Il fondatore di Piquadro Palmieri

Si è definito un ragazzo un po’ discolo. Ma Marco Palmieri, ceo di Piquadro, marchio che significa un gruppo (Piquadro, The Bridge e Lancel) da 149,4 milioni di euro, quotato in Borsa dal 2007, ha dimostrato che la sua giovanile irrequietezza andava di pari passo con disciplina e creatività. E passione. Le origini di Piquadro risalgono al 1987 quando Palmieri fondò la sua azienda che inizialmente produceva in conto terzi sull’Appennino Tosco-emiliano, a metà strada tra Bologna e Firenze, dove tuttora si trova il quartier generale nell’avveniristico stabilimento in vetro e cemento progettato dall’architetto Karim Azzabi.

Da dove parte la storia?

«Mi occupavo di altro, studiavo informatica, agli inizi della microinformatica.
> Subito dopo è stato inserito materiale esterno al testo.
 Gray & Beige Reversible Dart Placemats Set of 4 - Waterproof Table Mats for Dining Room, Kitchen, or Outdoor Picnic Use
Contemporaneamente ho iniziato a vendere prodotti di pelletteria per una aziendina. Mi sono reso conto che il pellame veniva tagliato in un modo antico, ancora con le fustelle che si usavano mille anni fa mentre c’erano delle tecnologie per tagliare il tessuto molto evolute. Ho iniziato così a lavorare, con le competenze da informatico che avevo acquisito, a un sistema automatizzato del taglio dei pellami. Ho portato avanti questo doppio lavoro: da una parte collaboravo con le aziende di pelletterie e dall’altra parte mettevo a punto questo sistema che ho poi realizzato e venduto a una grossa azienda del settore. Da quel momento mi sono dedicato anima e cuore alla pelletteria».

Esperienza sul campo.

«Esattamente. L’altro momento importante è stato quando abbiamo deciso di fare una linea nostra, appunto Piquadro. Mi sono concentrato su una linea che avesse una identità tecnologica. Allora le borse da uomo erano legate al cuoio e alla pelle. Noi dovevamo fare altro, cose funzionali, portacomputer che 25 anni fa non esistevano. Ci siamo rivolti, sia come funzione d’uso che come aspetto, ai tecnologi, agli ingegneri, agli informatici, in pratica, il nostro mondo. Abbiamo quindi studiato l’azienda su di noi, gente che amava la tecnologia, la funzionalità e la cultura del progetto. Conoscere il target ci ha dato un indubbio vantaggio».